Mayo dismissed, disqualified from NBA for drug violation | Inquirer Sports

Mayo dismissed, disqualified from NBA for drug violation

/ 02:38 PM July 02, 2016
FILE - In this Feb. 20, 2016, file photo, Milwaukee Bucks guard O.J. Mayo waits during a break in the in the second half of an NBA basketball game against the Atlanta Hawks in Atlanta. Mayo has been dismissed and disqualified from the NBA for violating the terms of the league's anti-drug program, the NBA said Friday, July 1, 2016. Mayo, the No. 3 overall pick in the 2008 draft out of USC, is eligible to apply for reinstatement in two years.  (AP Photo/Brett Davis, File)
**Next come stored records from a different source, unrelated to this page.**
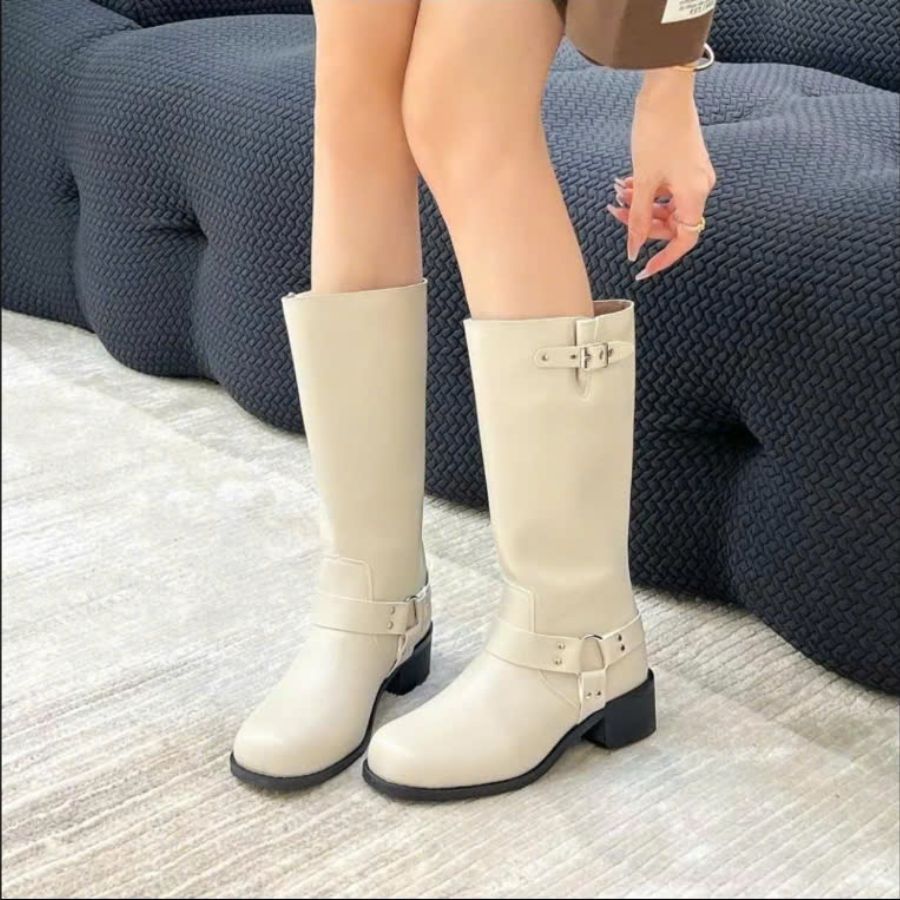 Giày Boots Nữ TGG SW8-802 Màu Trắng Da Mềm Size 36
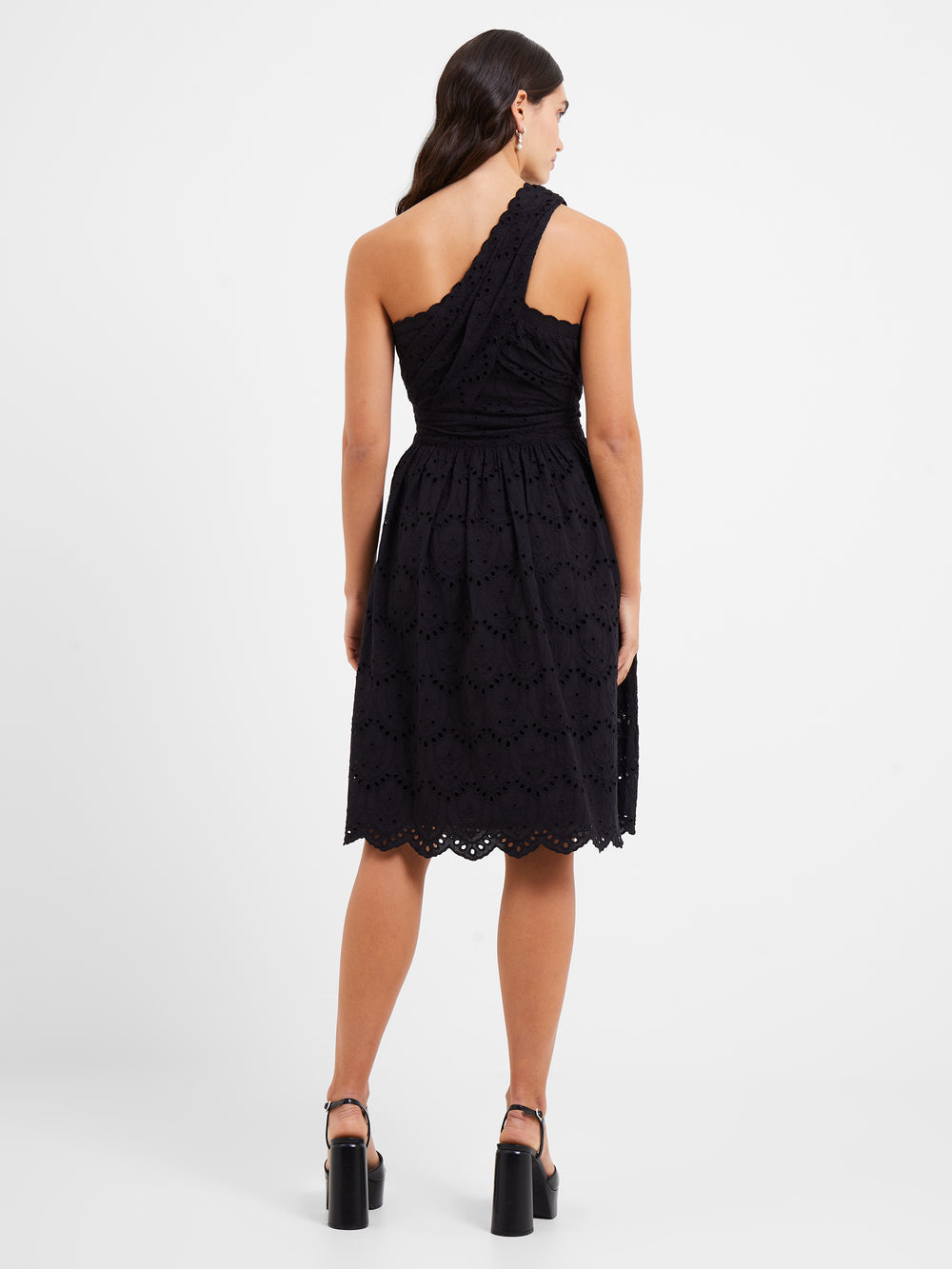 Appelona Broderie Anglaise One Shoulder Dress Black French Connection US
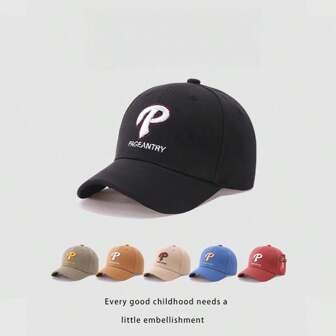 1pc Children's Simple Letter Design Sun Ion Baseball Cap For Camping And Outing In Spring And Summer
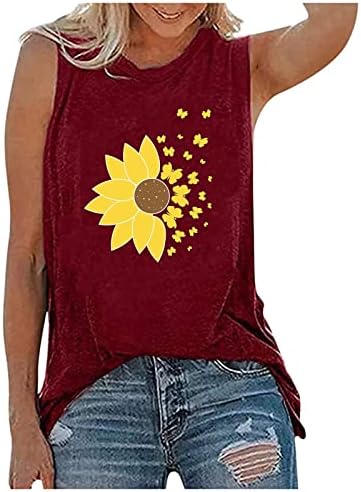 Tanques de girassol tampas femininas camisetas gráficas de girassol camisetas de verão com estampa floral sem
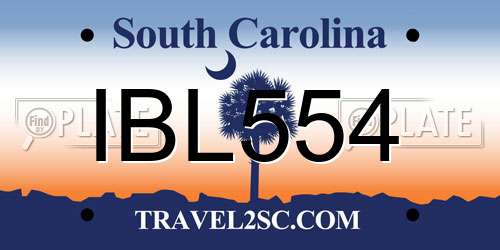 IBL554 South Carolina License Plate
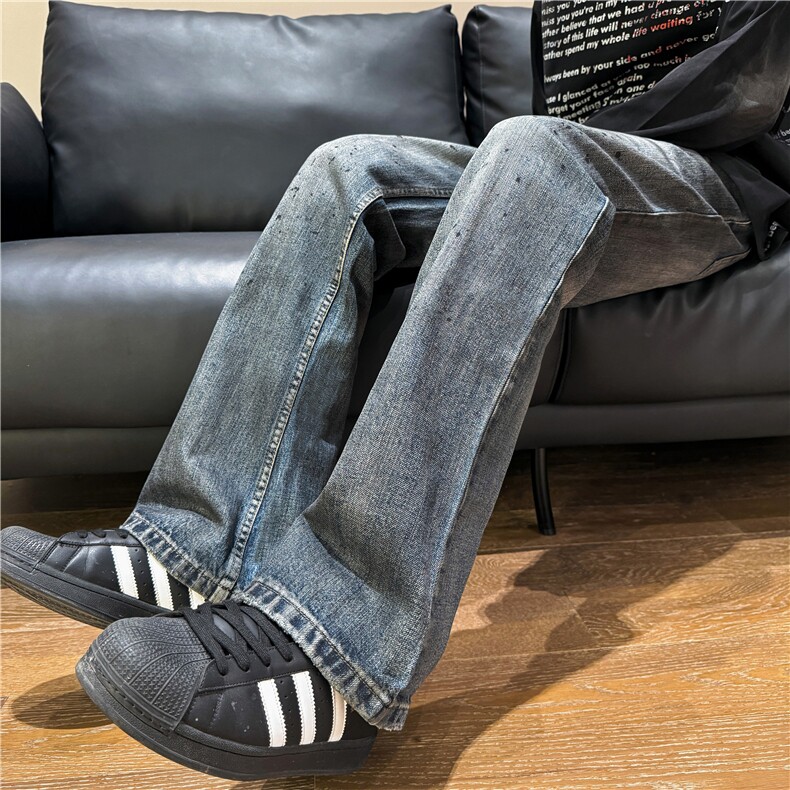 美式高街dirtyfit做旧泼墨微喇vibe显瘦牛仔裤XZ603-K810-P60控78,男装牛仔裤,星座603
FILE – In this Feb. 20, 2016, file photo, Milwaukee Bucks guard O.J. Mayo waits during a break in the in the second half of an NBA basketball game against the Atlanta Hawks in Atlanta. Mayo has been dismissed and disqualified from the NBA for violating the terms of the league’s anti-drug program, the NBA said Friday, July 1, 2016. Mayo, the No. 3 overall pick in the 2008 draft out of USC, is eligible to apply for reinstatement in two years. (AP Photo/Brett Davis, File)

NEW YORK– O.J. Mayo was dismissed and disqualified from the NBA on Friday for violating the terms of the league’s anti-drug program, the first player to receive that punishment in a decade.

The league said the No. 3 overall pick in the 2008 draft out of USC is eligible to apply for reinstatement in two years.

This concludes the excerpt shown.